身体も細い。見た目だけならあんまり戦いを生業にするような見た目じゃない。まあそれは私も同じなんだけどな。なんせ美少女だしさ。どこに出しても恥ずかしくない自慢の美少女だしさ。なんで私は男にモテないんだろうか?不思議でならない。
さてさて、本日の殺し合いも決着は着かなかったが・・・順当に行けばそのうち殺せるな。私の力は殺すことで経験値を得て徐々に増している。そして少しずつ軍団長の戦い方にも慣れてきていた。片手には刀。もう片手は暗器だったり、飛び道具だったりまるで忍者みたいな戦い方を軍団長はしていた。
こいつは簡単には殺さずに情報を抜き出そう。なんせ軍団長だ。色々と知っていることも多いだろう。魔王を殺すためには情報がいる。なんせ魔王は強いらしいからな。弱点だ。弱みだ。不意をつく方法だ。なんでもいい。なんでもやる。魔王を殺すためなら何でもしてやる。
全身嬲って拷問にかけて苦しめて苦しめて苦しめて命乞いをさせて命乞いをさせて命乞いをさせて、絶望の底に突き落とした上で嬲り殺しにしてやる。
ああ・・・なんせこいつはおそらくシオンの妹を攫って殺した相手なんだ。

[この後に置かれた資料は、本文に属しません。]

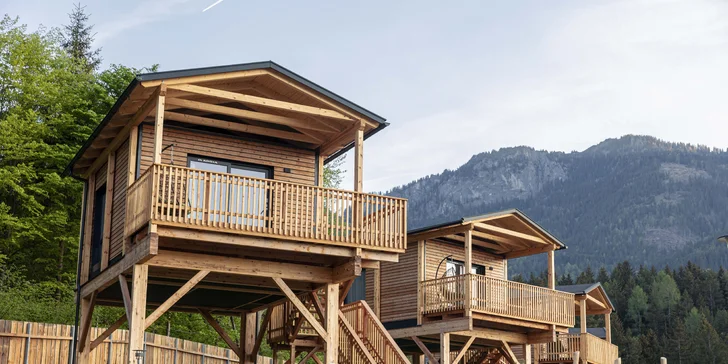 Zimní pobyt v Korutanech: chata nebo treehouse přímo u skiareálu, denně vstup do aquaparku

その上こんなゴミみたいな私に、とっとと死んだほうがいい私に、親切に優しくしてくれた兵士たちを殺し続けた魔王軍を指揮していたやつなんだ。この国の人間を、王様を苦しめ続けている相手なんだ。
ただでは殺さない。決して楽には殺さない。寸刻みにしてやる。全身穴だらけにしてやる。泣き叫んでも命乞いをしても何をしても許さない。大切なものを全て奪ってやる。奪い尽くしてやる。
絶望の底に突き落としてやる。殺してやる。必ず殺してやる。楽しみだ。楽しみだ。どんな顔をして泣き叫ぶのか楽しみだ。必ず殺してやる。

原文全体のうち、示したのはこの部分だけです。